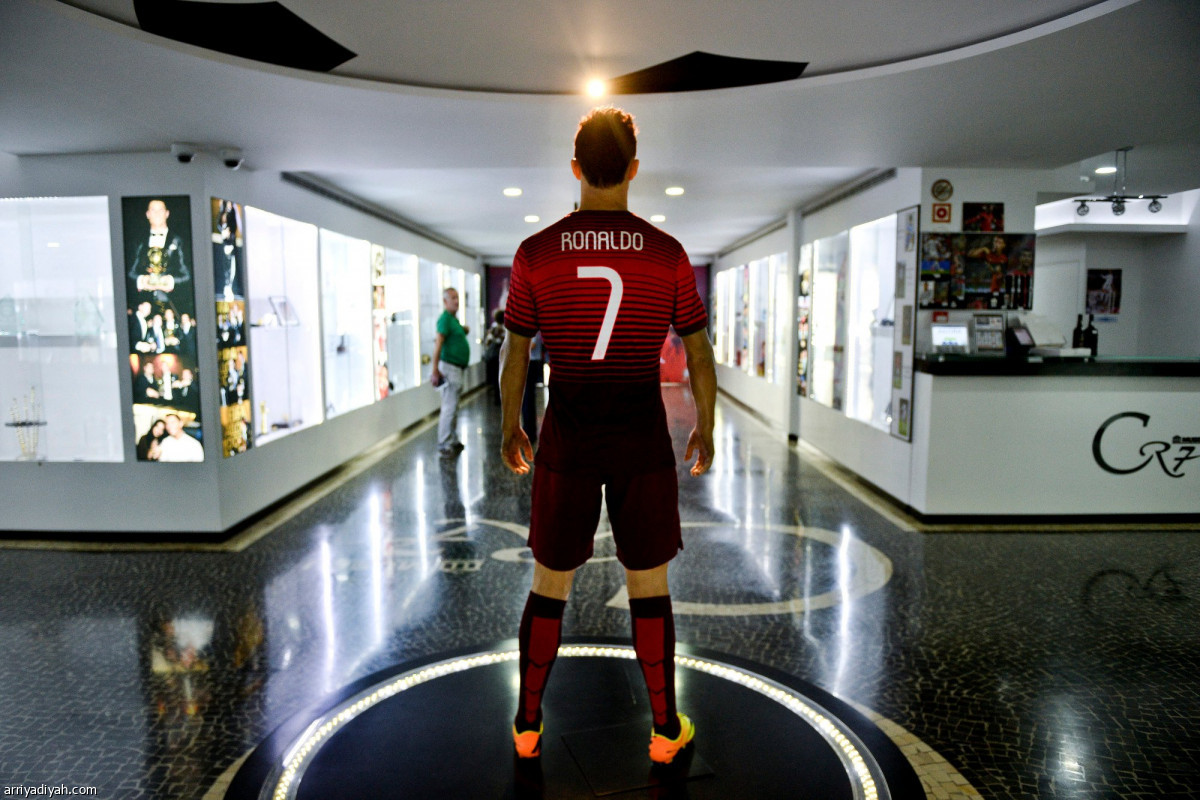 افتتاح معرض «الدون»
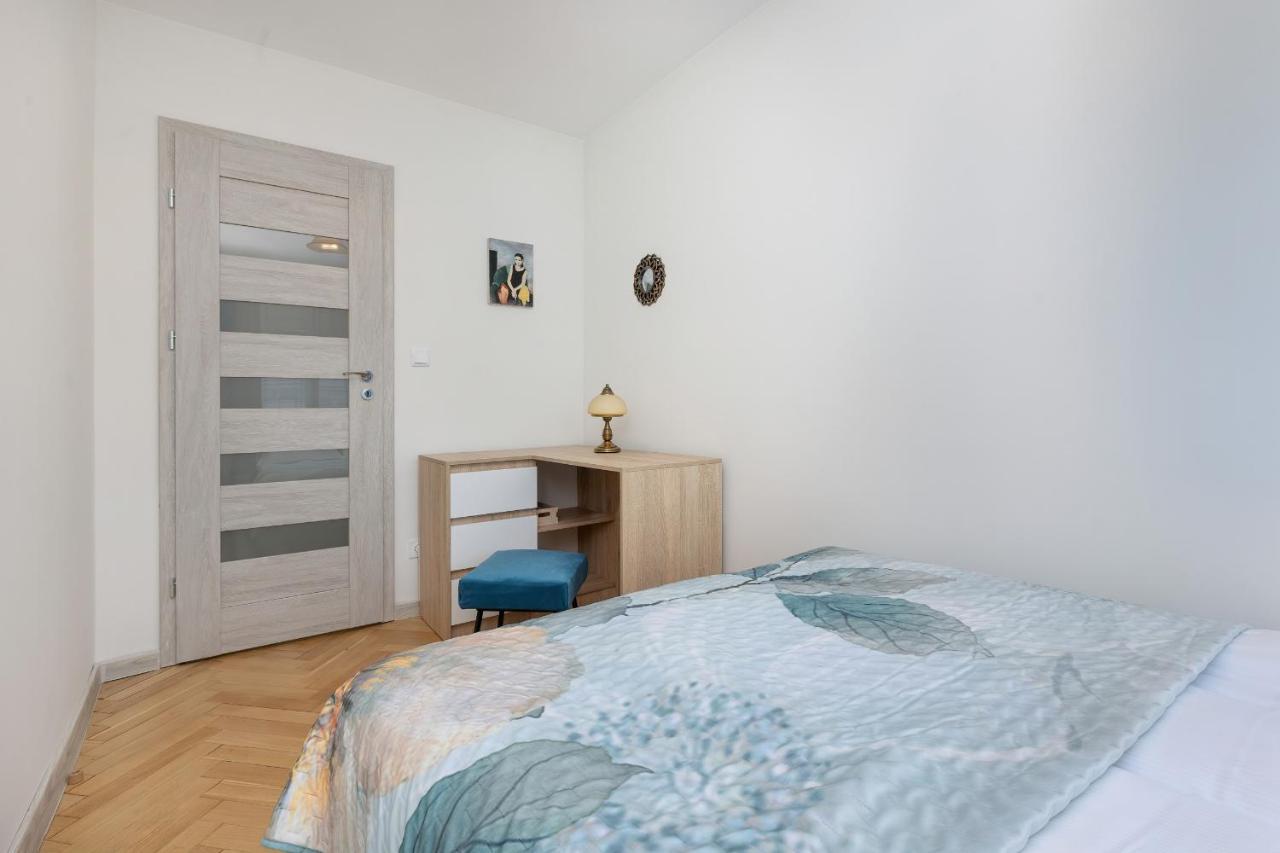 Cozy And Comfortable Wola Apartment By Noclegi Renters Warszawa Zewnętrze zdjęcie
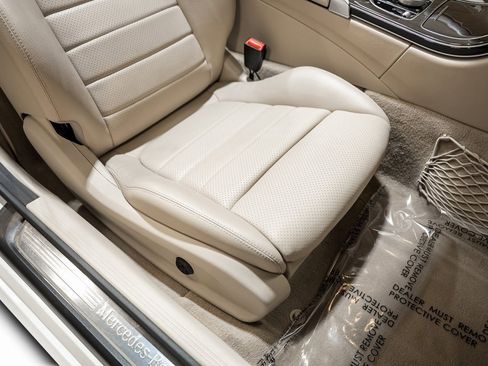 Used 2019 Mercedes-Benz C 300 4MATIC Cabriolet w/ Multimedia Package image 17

#####

PROBLEM TO SOLVE ▸
All of the material above is to be copied exactly, with no pictures.

WRITTEN SOLUTION ▸
 افتتاح معرض «الدون»
 Cozy And Comfortable Wola Apartment By Noclegi Renters Warszawa Zewnętrze zdjęcie
 Used 2019 Mercedes-Benz C 300 4MATIC Cabriolet w/ Multimedia Package image 17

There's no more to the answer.